WHAT YOU NEED TO DO — The entries are to be reproduced word for word, with all images left out.

DATA FOR THE TASK —
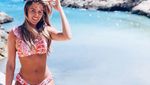 Gaya Liburan Pacar Baru Ryan Giggs, Si DJ Seksi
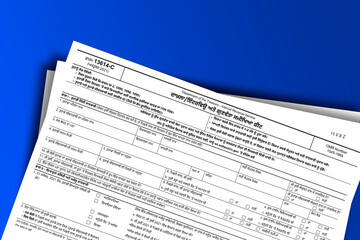 Obraz premium Form 13614-C (pa) documentation published IRS USA 11.23.2021. American tax document on colored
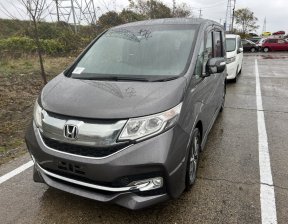 HONDA STEPWGN SPADA 2015
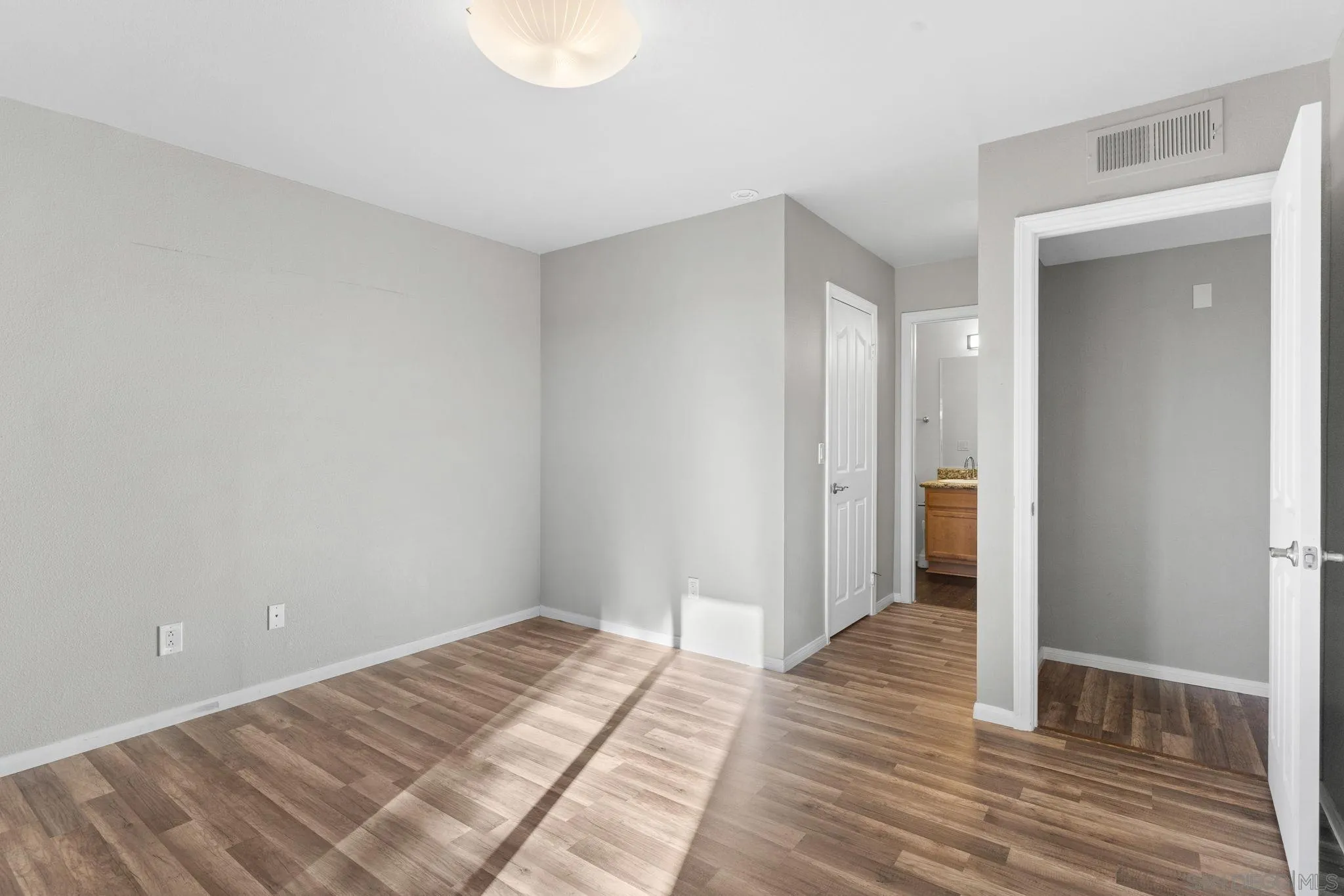 14942 Avenida Venusto # 99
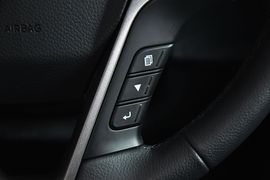 2013款现代全新胜达2.4GL自动前驱舒适型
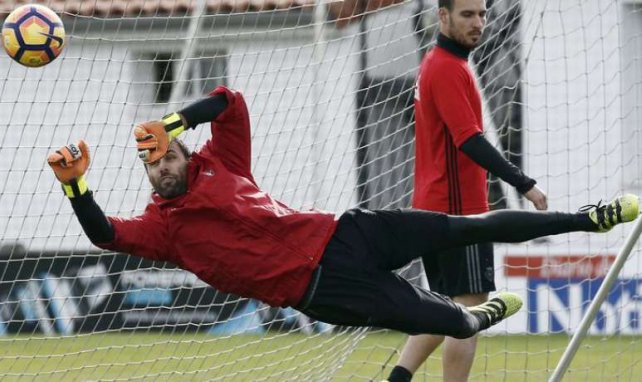 Salvatore Sirigu, el último invitado al casting de porteros del Valencia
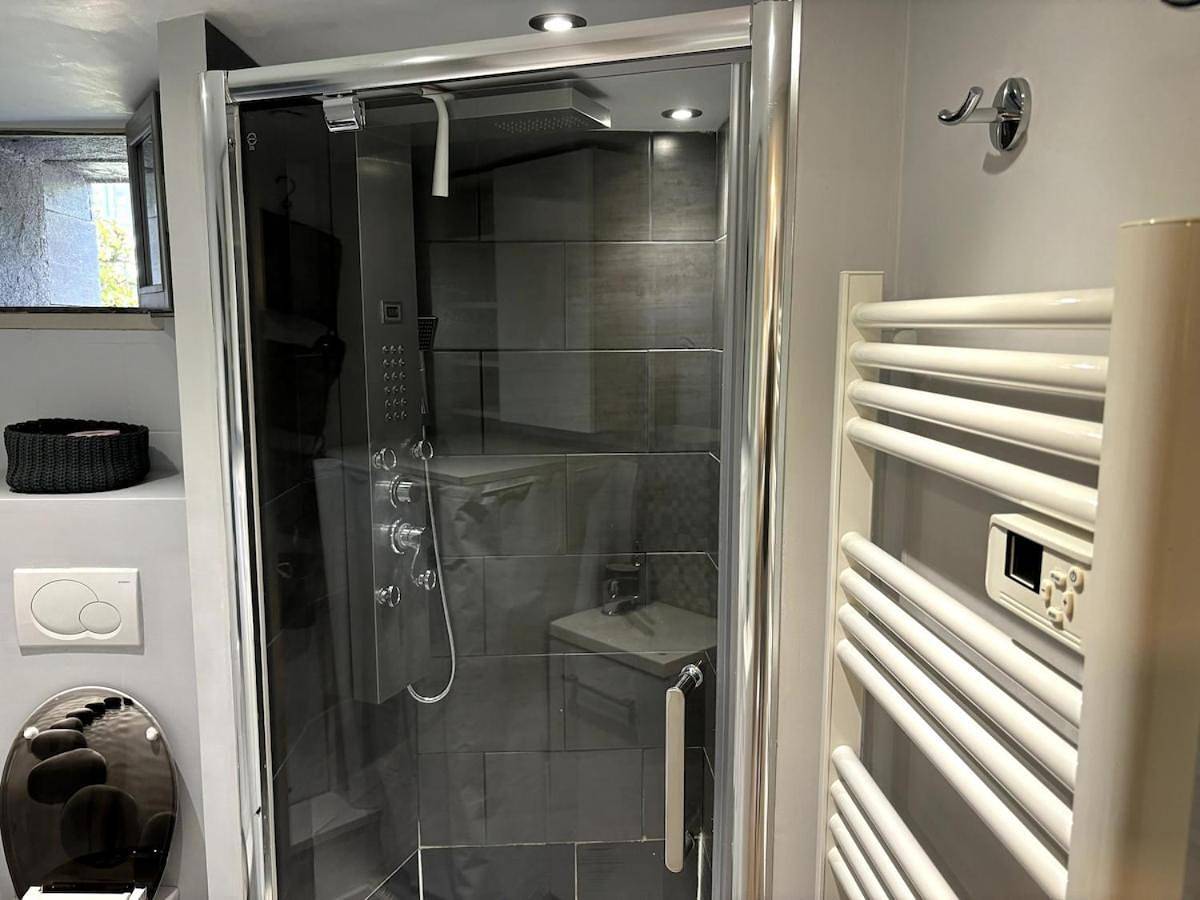 Appartement entier, One-Bedroom Apartment in Feigères, Région de Saint-Julien-en-Genevois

RESPONSE TO THIS TASK —
 Gaya Liburan Pacar Baru Ryan Giggs, Si DJ Seksi
 Obraz premium Form 13614-C (pa) documentation published IRS USA 11.23.2021. American tax document on colored
 HONDA STEPWGN SPADA 2015
 14942 Avenida Venusto # 99
 2013款现代全新胜达2.4GL自动前驱舒适型
 Salvatore Sirigu, el último invitado al casting de porteros del Valencia
 Appartement entier, One-Bedroom Apartment in Feigères, Région de Saint-Julien-en-Genevois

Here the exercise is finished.